Leid

1 Okt 2020

Siddhartha erkannte, dass Menschen nicht nur leiden, wegen Katastrophen, Kriegen oder Epidemien, sondern dass Leid aus Ängsten, Enttäuschungen und Unzufriedenheit ein fester Bestandteil der menschlichen Existenz ist. Menschen jagen Geld und Macht hinterher, häufen Wissen und Reichtümer an. Aber was sie auch erreichen, sie werden nie zufrieden. Es ist nie genug. Wer arm ist will reich sein. Wer eine Million hat, träumt von zwei. Wer zwei Millionen hat, will zehn. Bis Krankheit, Alter und Tod ein Ende setzen und sich alles Angehäufte in Luft auflöst.

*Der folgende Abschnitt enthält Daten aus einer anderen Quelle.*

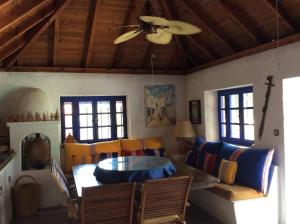 a living room with a ceiling fan and a table at La Casa de las Higueras Dar Karmus Tetouan in Tetouan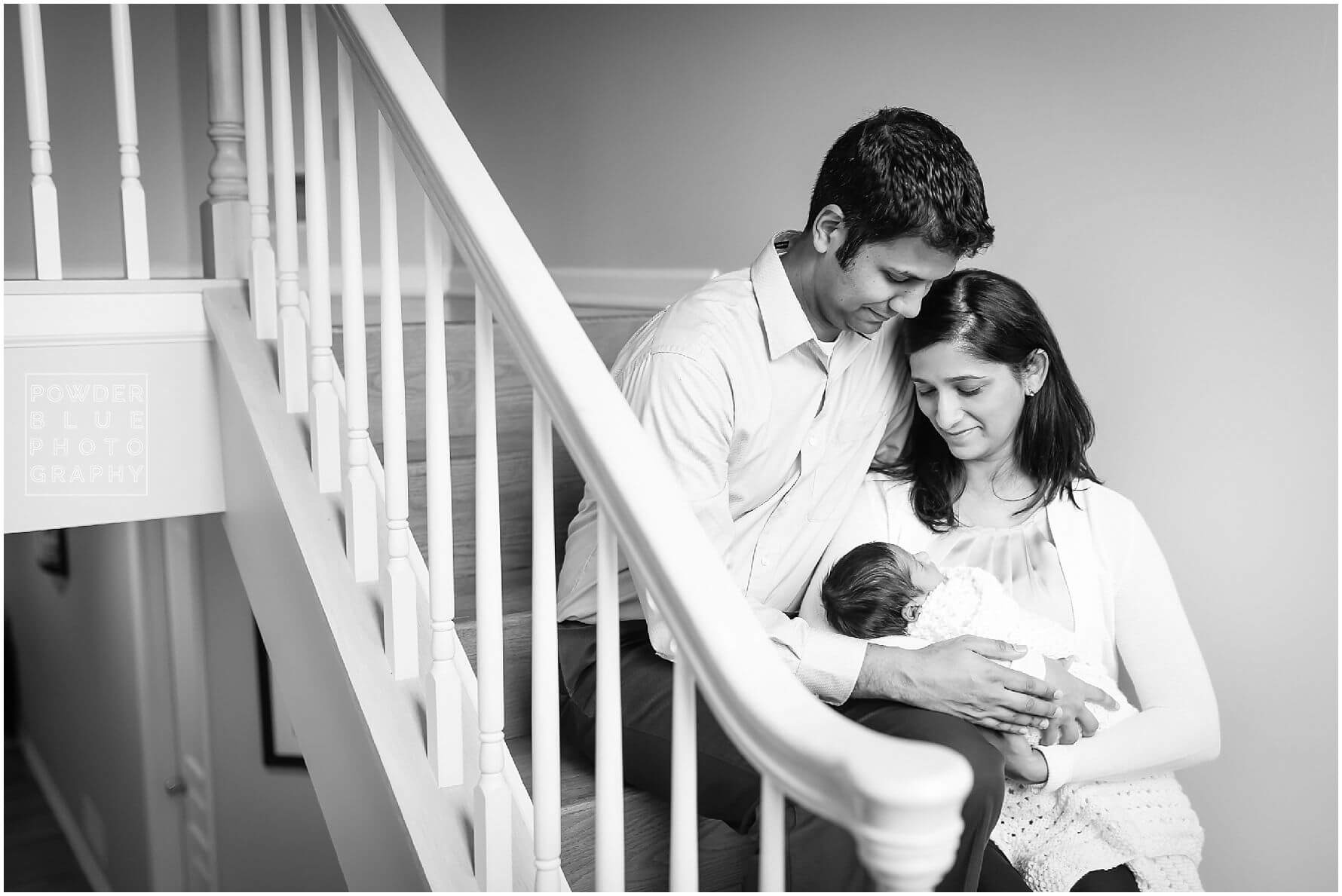 pittsburgh newborn photographer lifestyle photography session. newborn baby in black & white and color portraits on a bed in a home.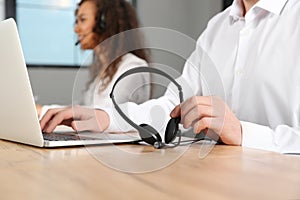 Technical support operator with headset at workplace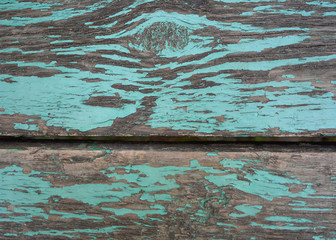 The texture of two wooden planks of old, covered with peeling blue paint.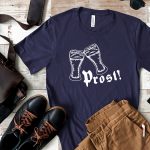 Prost SVG design in vinyl on a blue men's t-shirt surrounded by men's accessories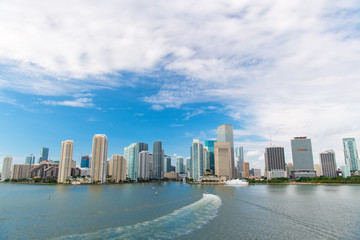 Fototapeta na wymiar Aerial view of Miami skyscrapers with blue cloudy sky, boat sail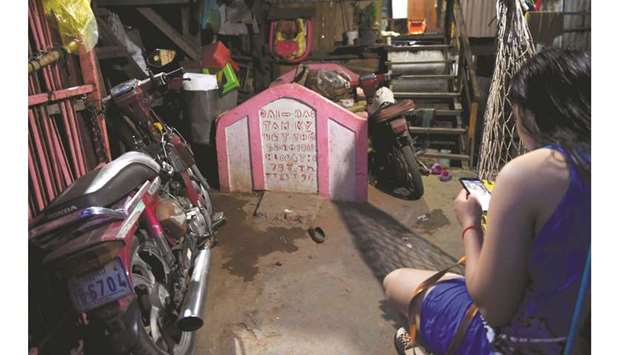 A woman looking at her smartphone beside a grave inside her home in Phnom Penh.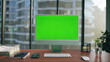 © stockbusters - Computer monitor mockup placed desk closeup. Green screen pc modern workplace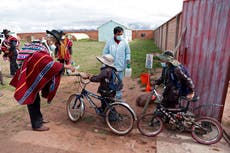 Estudiantes bolivianos regresan a clases enfundados en trajes protectores y con cubrebocas
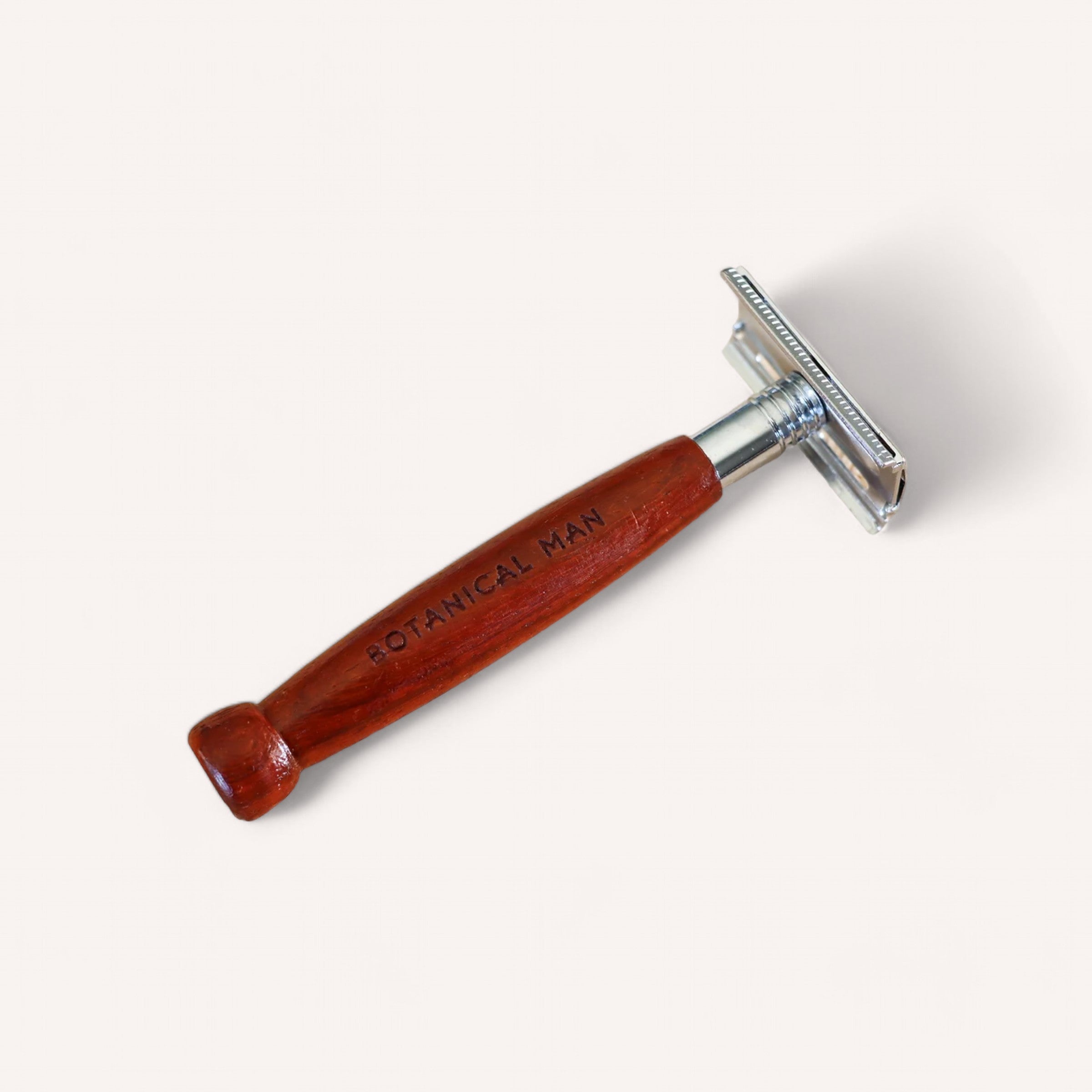 A beautifully crafted safety razor featuring a polished rosewood handle and a metallic blade head. The handle is elegantly engraved with the text "BOTANICAL MAN." Set against a plain, white background, it showcases the sleek and classic design of the Botanical Man Shaving Set by Botanical.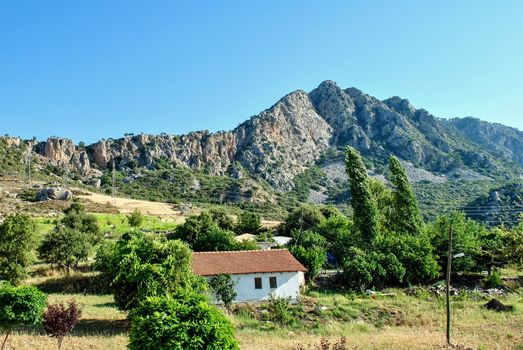 A lonely little house on the background of the mountains.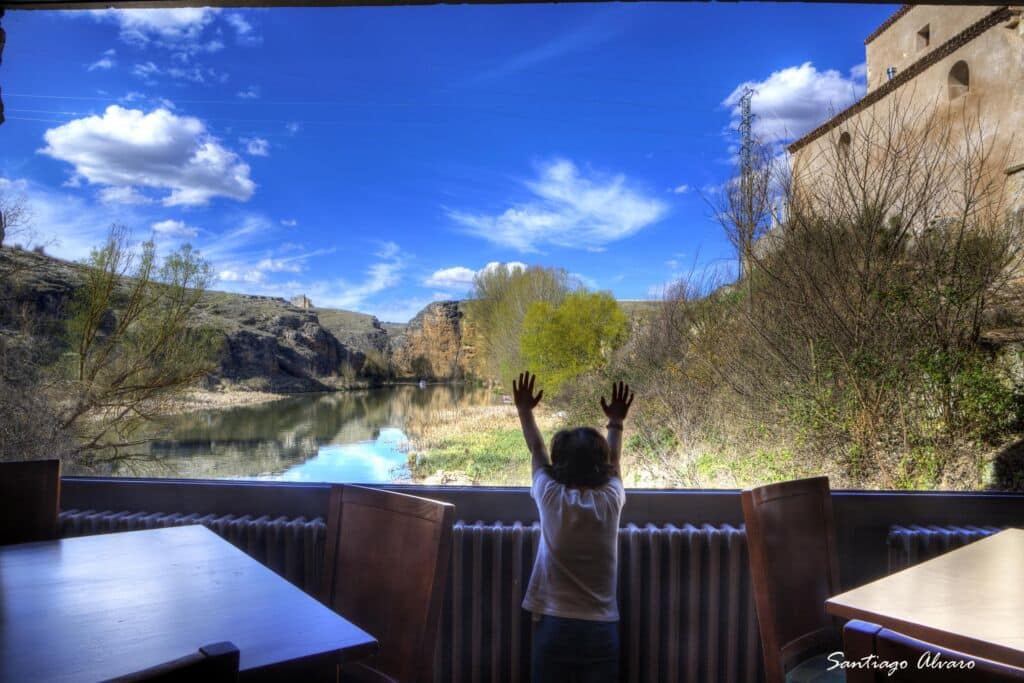 Un niño está de pie junto a una gran ventana, levantando ambas manos hacia una vista panorámica de un río, árboles y un cielo azul, rodeado de mesas y sillas vacías.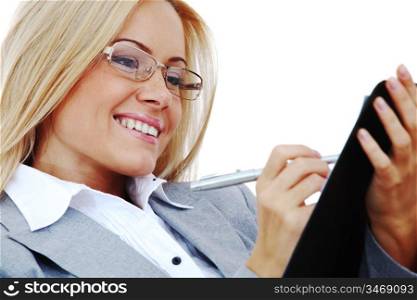 business woman hold a folder of papers and write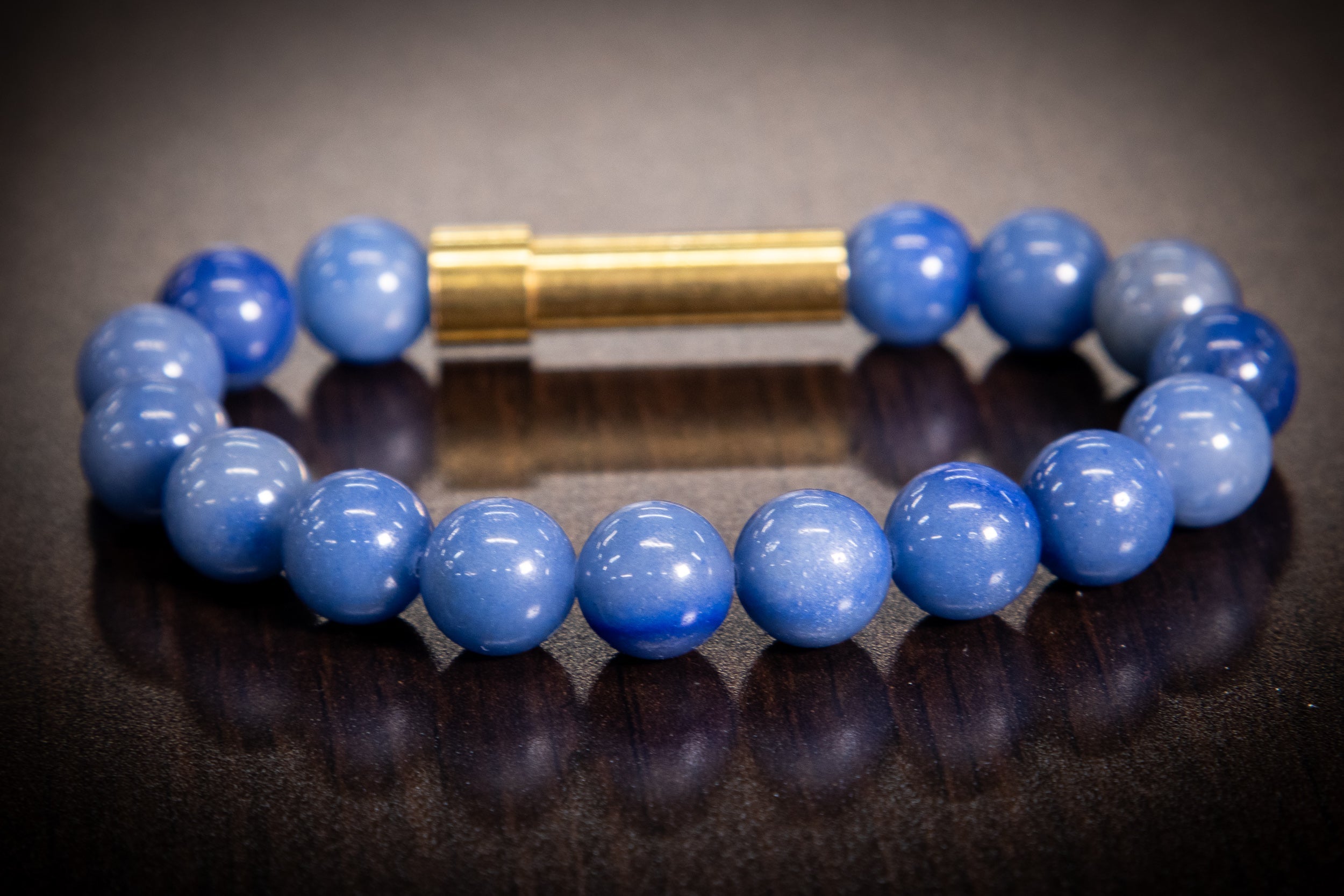 Silver cremation jewelry bracelet with blue apatite beads, designed for hair, fur, or ash keepsakes by Spirit Pieces.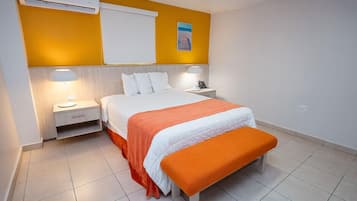 Una habitación de hotel con cama, mesitas de noche y un equipo de aire acondicionado.
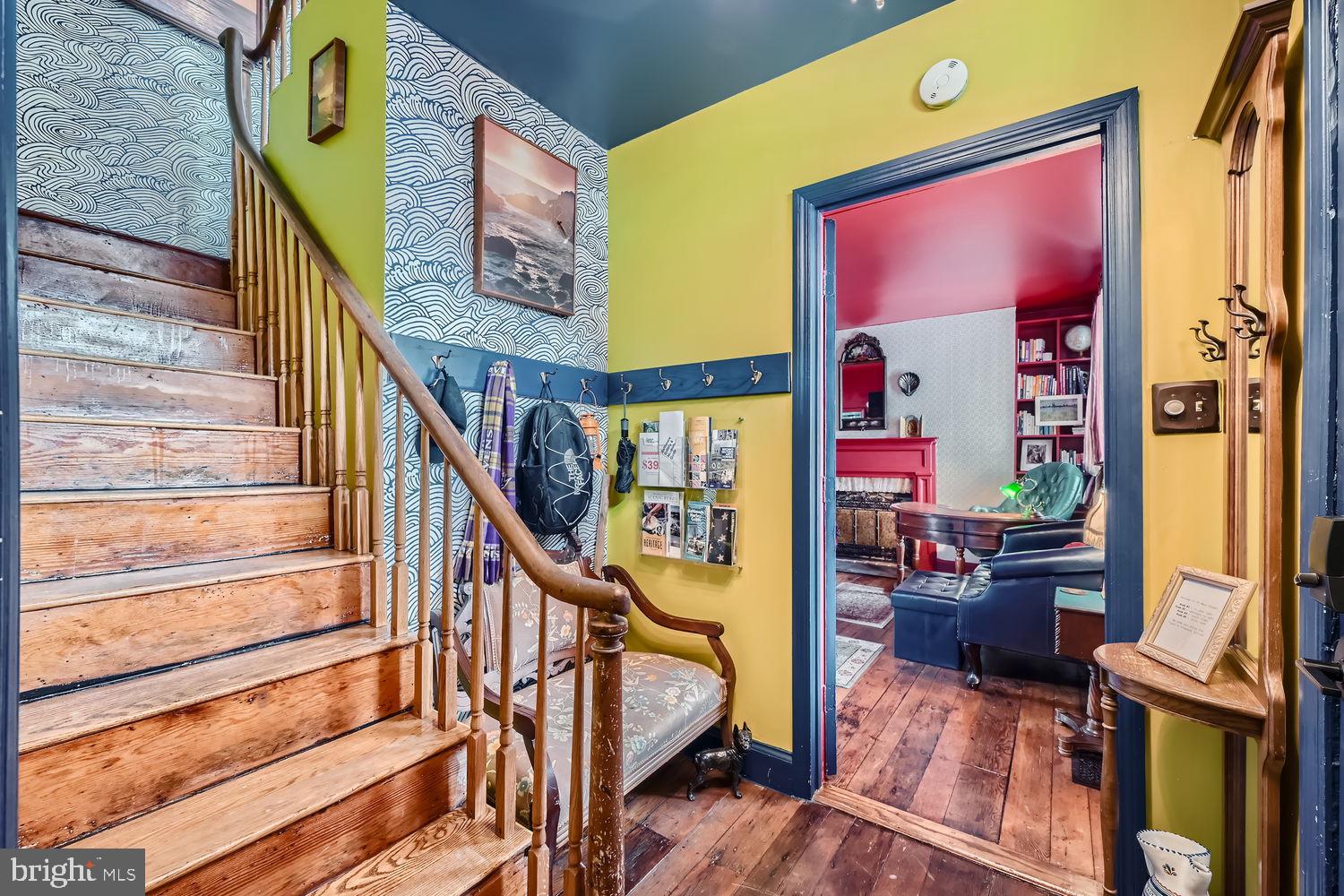 a view of a staircase and a living room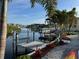 Waterfront property featuring a private dock with boat lift and beautiful landscaping at 6029 Bayway Ct, New Port Richey, FL 34652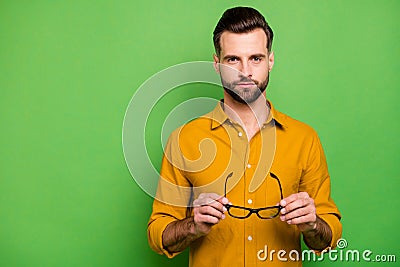Close-up portrait of his he nice attractive serious bearded brown-haired guy in casual formal shirt holding in hands Stock Photo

Was macht Leid aus? Wie kann man ihm entkommen? Ursache des Leids sind weder Schicksalsschläge noch soziale Ungerechtigkeit, sondern vielmehr die eigenen Denk- und Verhaltensmuster.

Jede Erfahrung erweckt Begehren. Begehren schürt Unzufriedenheit. Unangenehme Erfahrungen will jeder vermeiden oder wieder los werden. Angenehme Erfahrungen sollen nie enden. Daher ist unser Geist immer unzufrieden und rastlos, um vor Trauer und Leid zu fliehen oder immer größeren Freuden nachzujagen.

Ursache des Leids ist Begehren; wir können uns nur vom Leid befreien, wenn wir uns vom Begehren befreien; und wir können uns nur vom Begehren befreien, wenn wir lernen, die Wirklichkeit so zu sehen, wie sie ist.

Leid und Glück entspringen einem Naturgesetz, unabhängig von Göttern. Wenn wir uns vom Leid befreien, kann uns kein Gott mehr etwas anhaben. Wenn wir von unseren Begierden beherrscht werden, kann uns kein Gott der Welt vom Leid befreien.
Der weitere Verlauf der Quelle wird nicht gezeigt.